The steamroller to sainthood remained an affront to many American Indians, who view the 18th-century California mission system that Serra represented to have subjected their ancestors to forced conversions, enslavement, and whipping.
”My blood pressure is going up right now, just hearing about it,” said Olin Tezcatlipoca, the director of the Mexica Movement, a Native American group opposing Serra sainthood. “This is a canonization of colonization, white supremacy, and genocide. Does that sound saintly to you?”
Mission Dolores and the other 20 California missions were “nothing less than concentration camps,” he said.
”There may not have been any barbed wire or watchtowers, but if you tried to escape you would be punished or killed, and those are the facts. The Catholic Church isn’t even addressing this.”
Several days ago, Los Angeles archbishop Jose Gomez met with Francis in Rome to support the canonization, saying that Serra “came to this New World with a burning love for the land and its people, (with) genuine respect for the indigenous people and their ways.”
Gomez, in a statement released by the Los Angeles archdiocese, said Serra critics had “distorted” his record. He said he regretted that the canonization “has opened old wounds and revived bitter memories about the treatment of Native Americans” during missionary times. Gomez said criticism of Serra “can be traced back to the anti-Spanish and anti-Catholic propaganda (that) prevents us from making an honest appraisal of Father Serra and America’s religious beginnings.”

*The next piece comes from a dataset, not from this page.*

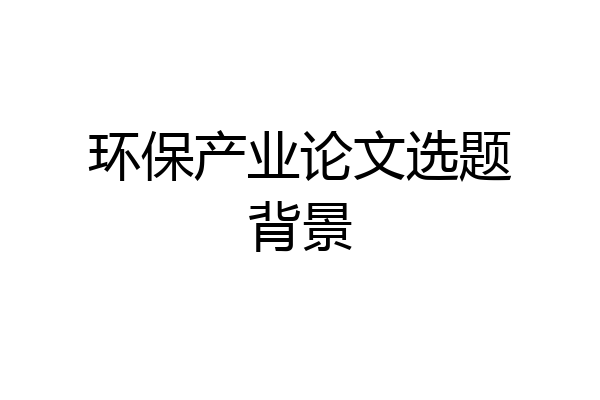 环保产业论文选题背景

He acknowledged that the “world of (Serra’s) times still considered native peoples, along with African Americans, to be less than full human,” but said he had “come to the conclusion that Father Serra should be remembered as one of the great pioneers of human rights in the Americas.”
A spokesman for the San Francisco archdiocese said the Serra controversy was the result of a “possible misunderstanding of facts.”
At the Mission Dolores cemetery, a visitor from Ireland, Michael Caplis, said the elevation of a Hispanic from California to sainthood was “fantastic” and “long overdue.”
”It’s a great thing,” he said, “and if they had to relax the rules to do it, that’s all right.”
And at the mission’s gift shop, cashier Melba Lopez said, in light of the good news from Rome, the store would have to stock up on Serra merchandise in time for the canonization. At present, the store offers Serra postcards for 50 cents, 65 cents, and $2, along with a Serra biography for $8. But after sainthood, the store will be obliged to add Saint Junipero Serra to its lineup of sterling silver saint medals, at $40 each.
”We’ll be ready in time,” Lopez said.